Information =
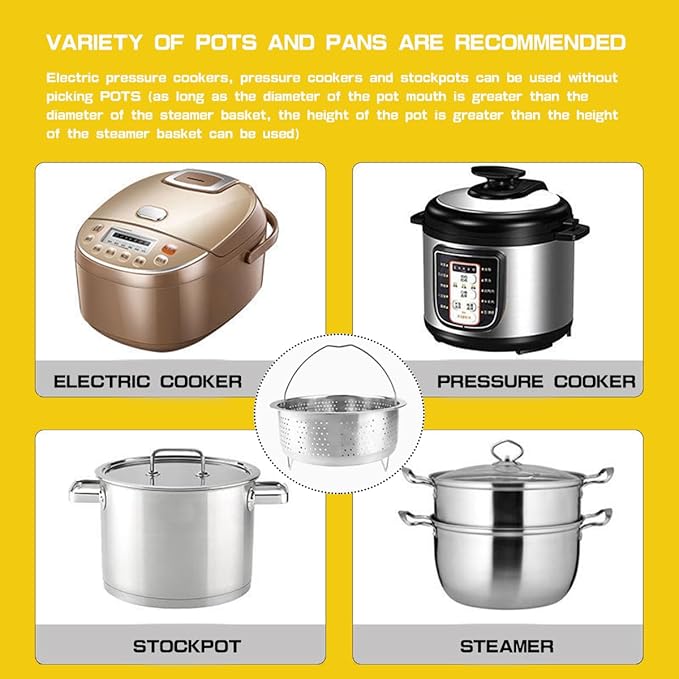Stainless Steel Steamer Basket with Handle Rice Cooker Steaming Basket Metal Steamer Insert Steaming Rack for Rice Cooker Warmer Kitchen Cookware Silver（20cm）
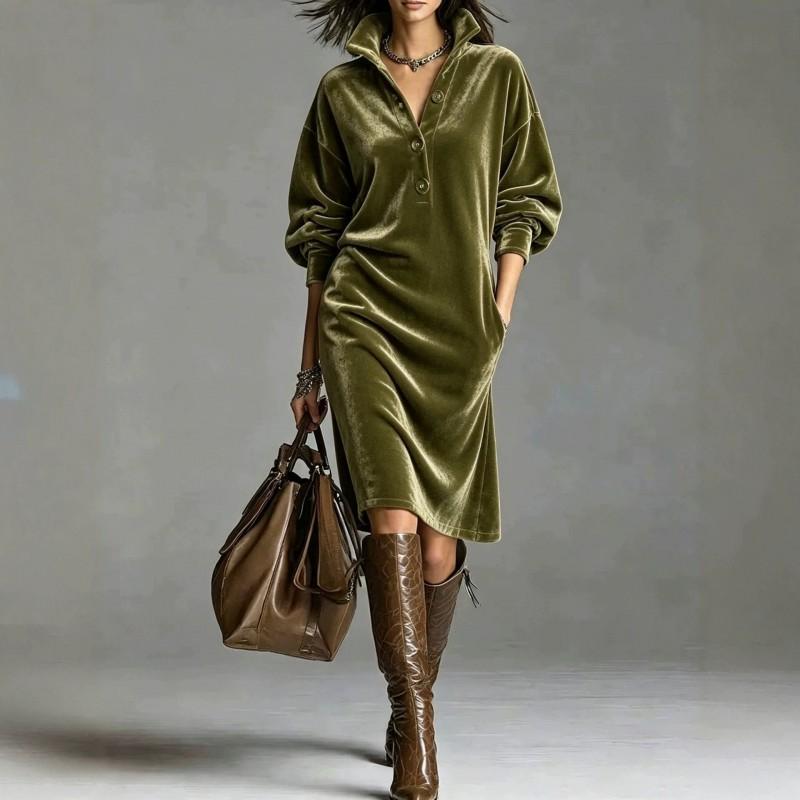 2026 Fall Velvet Loose Fit Long Sleeve Dress A Line Button Front V Neck Casual Elegant Women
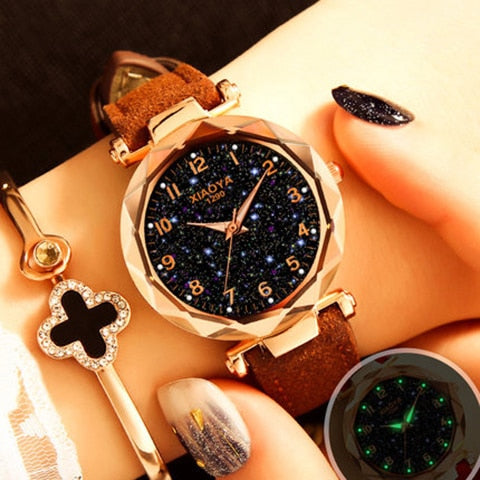 Reloj de Mujer Lujo Dial Cielo Estrellado Oro Rosado - Pulsera Elegante - Image 4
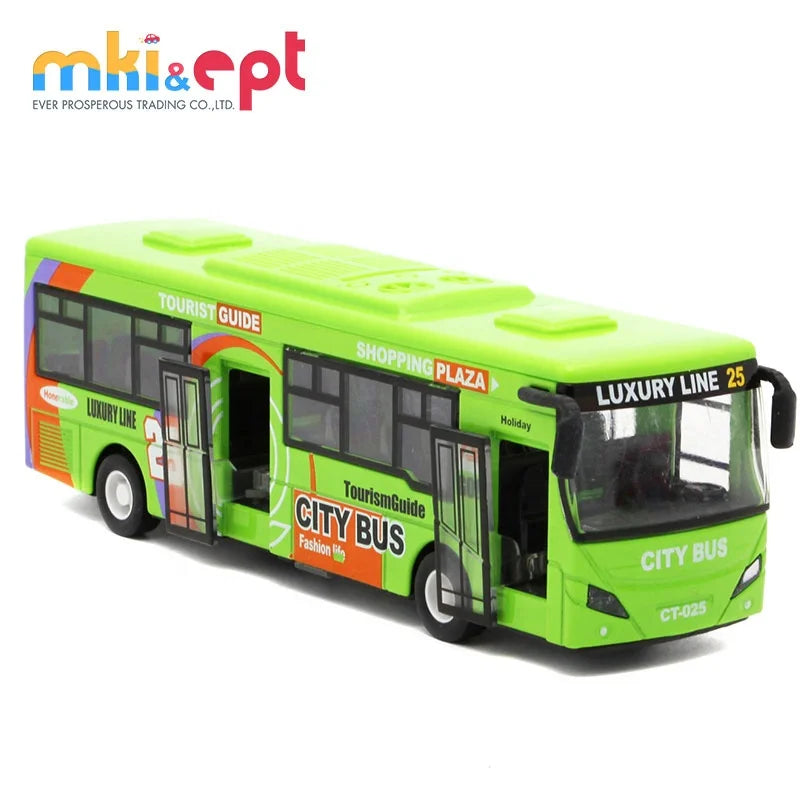 HKM-030227 Alloy Diecast City Light Sound Buses Toy Set for Boys - 6 Pcs Small Model Cars and Trucks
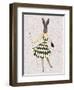 Rabbit in Black White Dress-Fab Funky-Framed Art Print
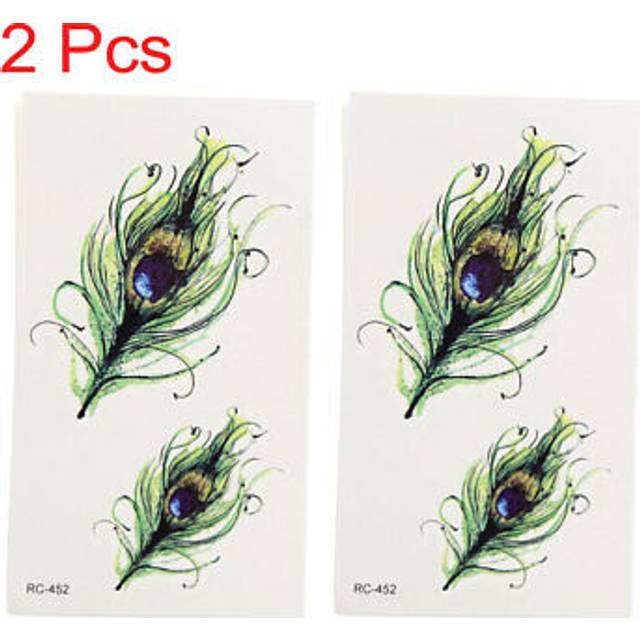 2pcs Peacock Feathers Pattern Temporary Tattoo Stickers Body Arm Art Tattoos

Exercise =
Verbatim output, no pictures: the line holding "2026 Fall Velvet" and all lines after it through the last line of the material, with nothing else.

Task result =
 2026 Fall Velvet Loose Fit Long Sleeve Dress A Line Button Front V Neck Casual Elegant Women
 Reloj de Mujer Lujo Dial Cielo Estrellado Oro Rosado - Pulsera Elegante - Image 4
 HKM-030227 Alloy Diecast City Light Sound Buses Toy Set for Boys - 6 Pcs Small Model Cars and Trucks
 Rabbit in Black White Dress-Fab Funky-Framed Art Print
 2pcs Peacock Feathers Pattern Temporary Tattoo Stickers Body Arm Art Tattoos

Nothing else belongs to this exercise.